A year and a half later, the lawsuit against the NFL, the Cowboys and Jerry Jones brought by fans who were displaced at Super Bowl XLV when temporary seating at Cowboys Stadium wasn’t available is still winding its way through the legal system.
The Fort Worth Star-Telegram reports that the fans and the league have failed to reach a settlement, and the lawyers for the fans filed a motion seeking to begin the case and to force the NFL to pay attorneys’ fees and other costs. The fans say the NFL hasn’t done enough to mollify them in settlement talks.
“The defendants purposefully delayed these proceedings for months in bad faith while falsely claiming to be truly interested in resolving the case,” the plaintiffs’ motion says.
The league, however, says its offer to the fans who were displaced was fair, and most fans accepted it.

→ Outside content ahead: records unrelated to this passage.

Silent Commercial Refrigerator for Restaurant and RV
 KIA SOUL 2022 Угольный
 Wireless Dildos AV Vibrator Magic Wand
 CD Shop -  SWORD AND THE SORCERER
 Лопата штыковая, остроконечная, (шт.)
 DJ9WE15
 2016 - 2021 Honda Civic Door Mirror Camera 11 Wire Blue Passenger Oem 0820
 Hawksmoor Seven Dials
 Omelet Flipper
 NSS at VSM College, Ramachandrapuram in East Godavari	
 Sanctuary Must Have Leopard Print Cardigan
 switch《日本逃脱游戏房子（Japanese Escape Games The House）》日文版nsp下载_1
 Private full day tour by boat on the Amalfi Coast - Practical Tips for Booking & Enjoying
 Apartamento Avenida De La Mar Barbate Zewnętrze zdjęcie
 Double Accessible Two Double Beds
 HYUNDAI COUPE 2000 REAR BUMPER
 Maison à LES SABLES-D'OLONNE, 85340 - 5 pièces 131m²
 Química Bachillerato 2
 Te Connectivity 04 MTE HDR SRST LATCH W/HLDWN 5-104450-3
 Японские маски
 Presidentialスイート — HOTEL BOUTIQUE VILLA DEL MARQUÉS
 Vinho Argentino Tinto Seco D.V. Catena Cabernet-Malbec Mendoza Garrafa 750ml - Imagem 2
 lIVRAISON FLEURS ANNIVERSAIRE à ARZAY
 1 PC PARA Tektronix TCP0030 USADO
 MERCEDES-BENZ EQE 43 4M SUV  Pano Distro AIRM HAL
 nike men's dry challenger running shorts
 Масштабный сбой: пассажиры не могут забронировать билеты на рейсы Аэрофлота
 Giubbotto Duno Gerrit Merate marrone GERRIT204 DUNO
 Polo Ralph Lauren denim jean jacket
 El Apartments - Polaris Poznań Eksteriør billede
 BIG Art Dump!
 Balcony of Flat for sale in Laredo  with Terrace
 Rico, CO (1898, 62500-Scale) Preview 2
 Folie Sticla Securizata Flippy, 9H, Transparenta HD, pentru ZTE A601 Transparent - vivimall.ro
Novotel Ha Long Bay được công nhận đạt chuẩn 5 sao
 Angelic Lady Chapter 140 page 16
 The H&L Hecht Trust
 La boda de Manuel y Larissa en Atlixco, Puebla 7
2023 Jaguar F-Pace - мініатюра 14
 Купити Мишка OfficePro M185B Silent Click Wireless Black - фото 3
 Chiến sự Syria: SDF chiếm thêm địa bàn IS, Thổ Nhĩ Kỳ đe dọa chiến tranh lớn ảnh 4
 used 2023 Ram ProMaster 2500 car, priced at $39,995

“This motion is frivolous,” NFL spokesman Brian McCarthy said in an e-mail to the Star-Telegram. “The overwhelming majority of the claims were resolved more than a year ago. At the plaintiffs’ counsel’s request, we agreed to participate in a mediation to determine whether there was a reasonable basis to resolve what remains of the suit following our successful voluntary reimbursement program with fans. The mediation regrettably was not successful, but we acted with good faith in the process. We are disappointed the plaintiffs’ attorneys would resort to filing a baseless motion.”
The temporary seating fiasco affected about 3,200 fans. Seats were eventually found for most of them, but a few hundred didn’t get seats at all. The fans who were moved to other seats were offered refunds or a ticket to a future Super Bowl, while the ones who weren’t seated at all were offered their choice of a one-time payment of $5,000, or $2,400 and a trip to a future Super Bowl with airfare and hotel included. The fans who didn’t accept those offers are the ones whose lawsuit continues.